Kivy : Python app development

I’ve talked about Kivy in the past, but this coming week I’m going to try programming in it in ernest.  From their site, Kivy is an “Open source Python library for rapid development of applications that make use of innovative user interfaces, such as multi-touch apps.”.  They integrate many other Python libraries (like PyGame) into one cohesive whole.  Today I got the latest version installed, and loaded up some of their examples.   The biggest hurdle so far is to get it to launch in debug mode from Wing IDE (my Python development environment of choice):  I can’t seem to track down the custom Python app (I’m on a mac) that Kivy uses (on the PC this would be trivial), so currently no debugging.  I hope to get this worked out in the coming week.

Day 13 : Saturday, Nov  24, 2013

Threat Detection Sensor Mk1!

I picked up a Parallax PIR sensor a few years back at the Bay Area Maker Faire.  Always wanted to see how hard it would be to make a simple motion detector / threat detection system.  Turns out, if you have the right components, it’s really easy.

Here is the prototype in action:  Having detected me, the bright blue threat LED is on, and if you were present, you’d hear the threat audio “shave and a haircut, two bits” playing:

Components:

  • Arduino Uno (I’m sure any Arduino will work)
  • Parallax PIR sensor
  • 8ohm speaker
  • LED of your choice plus resistor (100-200 ohm)
  • Breadboard & connectors
You can download the code I made here:  It’s a mashup of these two example sketches:
Total time:  Little over an hour.
If I had the time and components to take this project further I would:
  • Allow it to be plugged into a wall, on a battery backup (in case the baddies cut the power).
  • Send me a text whenever a threat is detected.
  • Attach a simple camera to snap a picture of the threat for later retrieval.
  • Have it know what time it is when the threat happened.

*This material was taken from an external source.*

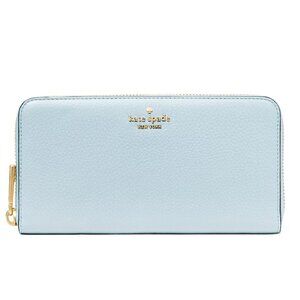 New Kate Spade Lena Large Continental Wallet Pebble Leather Crisp Sky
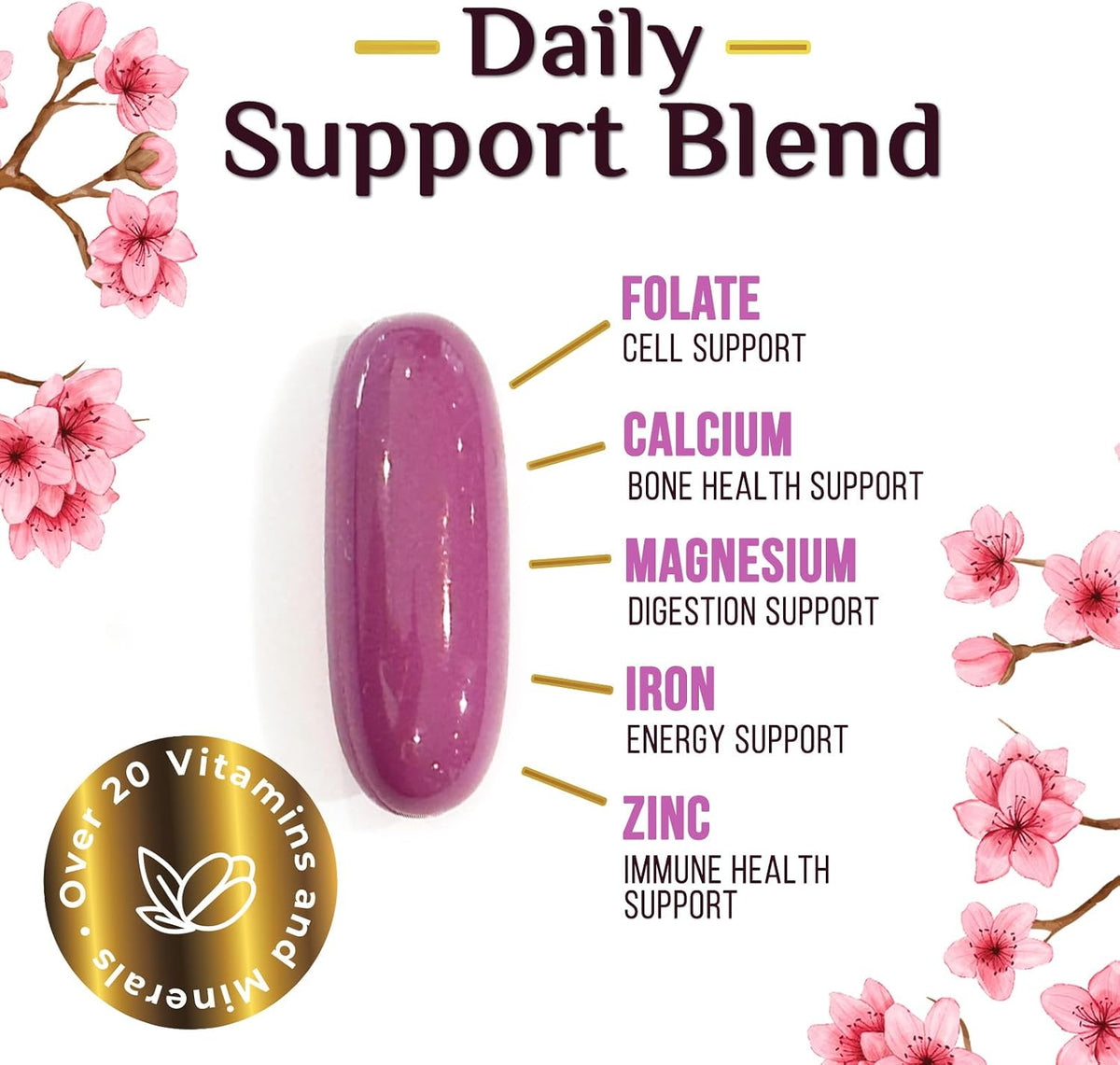 Multivitamin for Women - Complete Daily Women's Multivitamin with Calcium, Folic Acid, Vitamin A, C, D, E, and B Vitamins, Zinc and Iron - Vitamins for Bone, Energy & Immune Support - 60 Softgels - görsel 7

Day 12 : Friday, Nov 22, 2013

Creative fail.  Completely exhausted after work, feel like I’m coming down with something.  No creativity :(

Day 11 : Thursday, Nov 21, 2013

More 3d printing : My wife has her own business selling the knitted and crocheted items she makes.  I’ve designed and printed out small round ‘chits’ with her initials that she can sew into the items .  Check out her stuff over on Etsy.

Printing in process!

Day 10 : Wednesday, Nov 20th, 2013

I modeled my house in Minecraft.  ’nuff said.  (this actually took more than one day, I just finally finished it)

Day 9 : Tuesday, Nov 19th, 2013

3D Printed ShapeShifter Vase

I ran across a site called http://shapeshifter.io that makes it really easy to create 3d printable items like vases, bowls, etc.  10 minutes later and I had the below vase done.  17h and 15 min later the print finished on my  Makerbot Replicator.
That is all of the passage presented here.